DATA SEGMENT >>
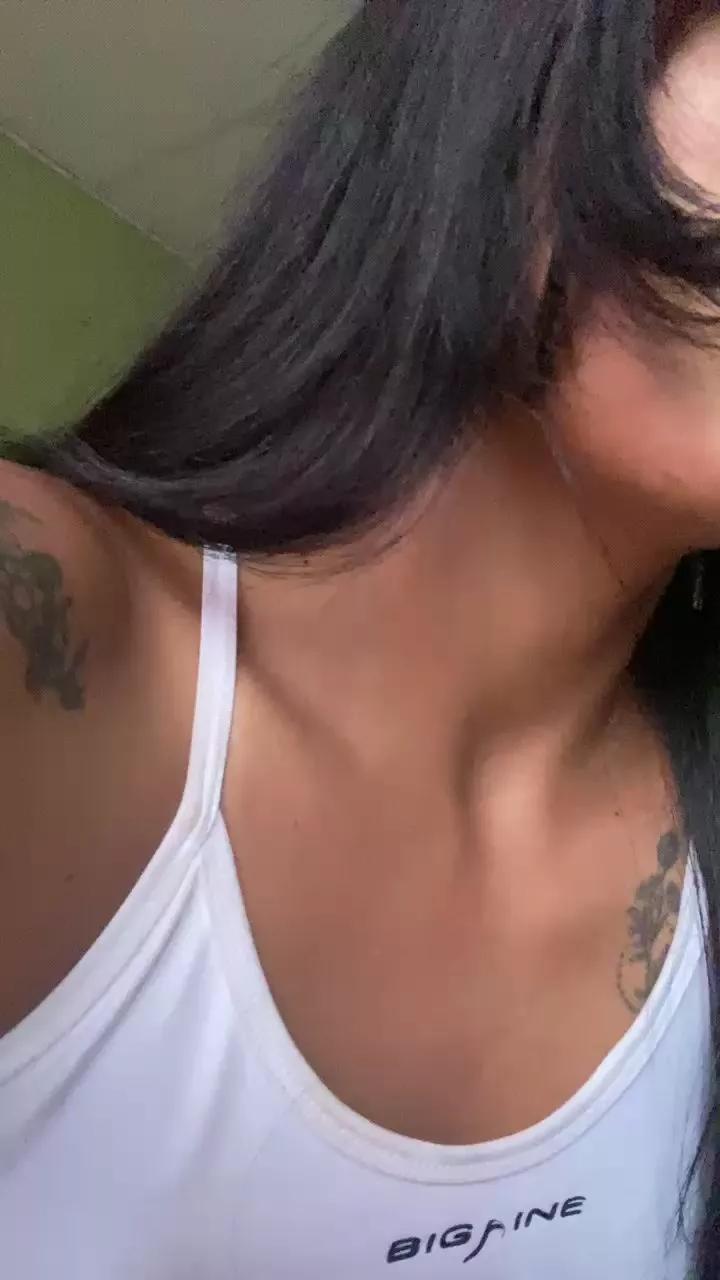 ariana032 on Cam4 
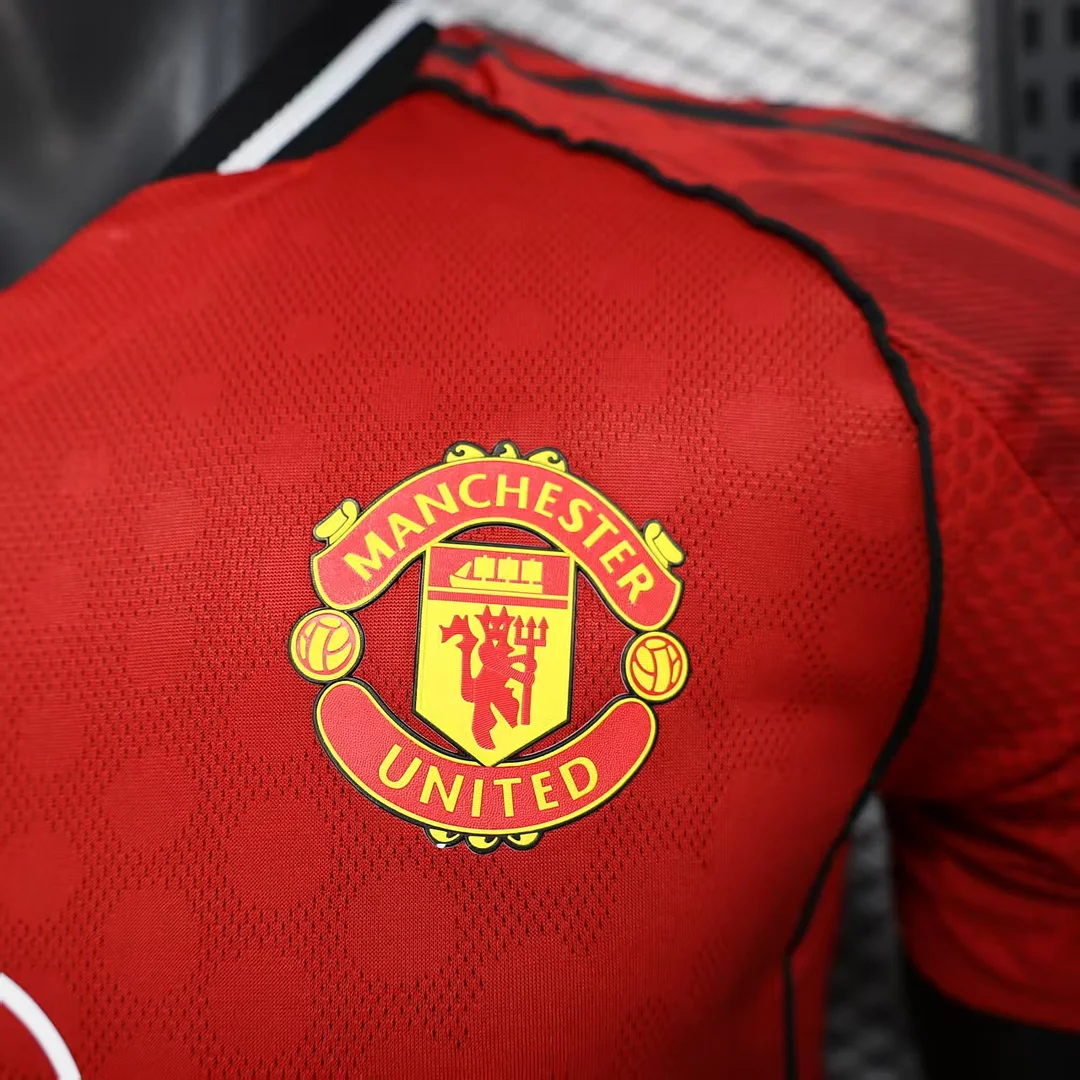2025/2026 Player Version Manchester United Home Football Shirt 1:1 Thai Quality - Image 5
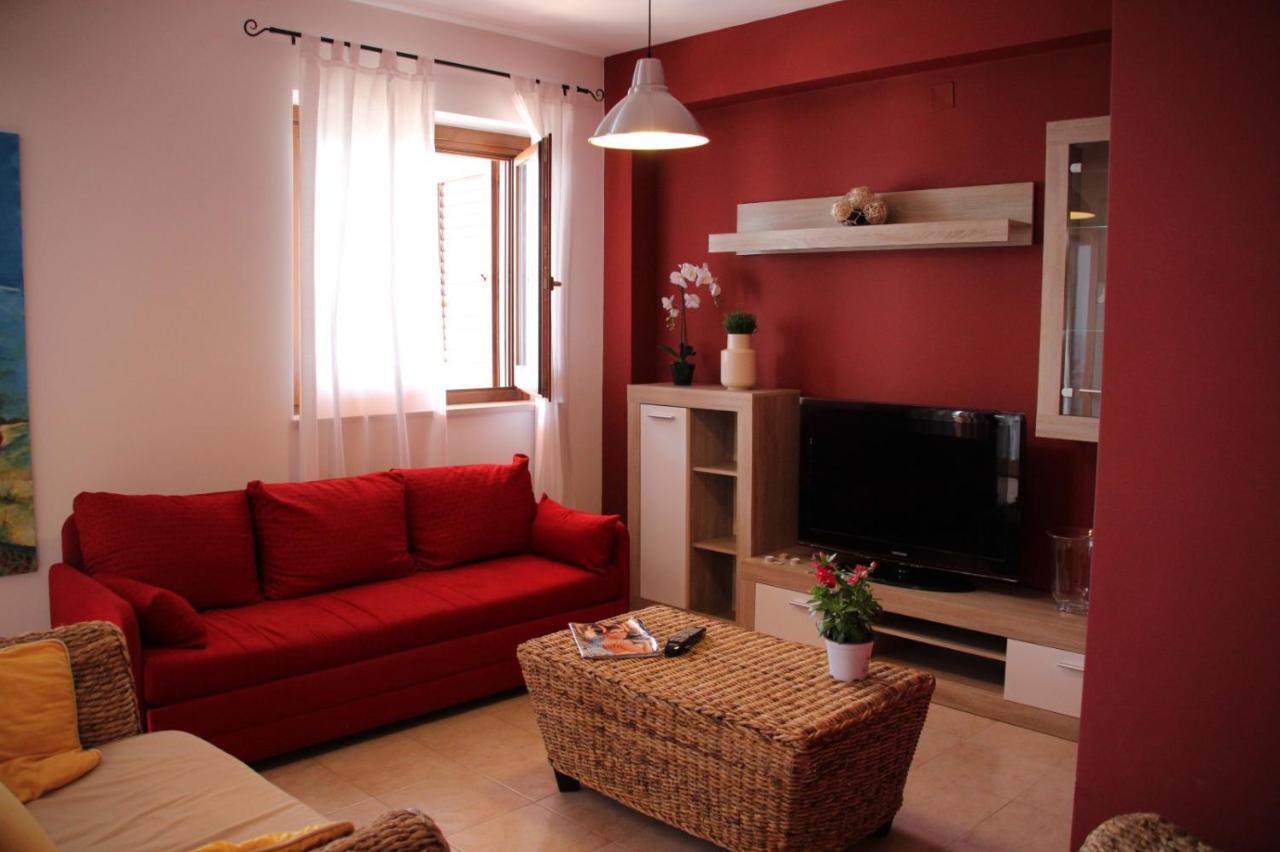 Poseidone Sea Apartment Taormina マッゼオ エクステリア 写真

WORK TO COMPLETE >> The data must be printed exactly, image-free.

RESULT OF THIS EXERCISE >>
 ariana032 on Cam4 
2025/2026 Player Version Manchester United Home Football Shirt 1:1 Thai Quality - Image 5
 Poseidone Sea Apartment Taormina マッゼオ エクステリア 写真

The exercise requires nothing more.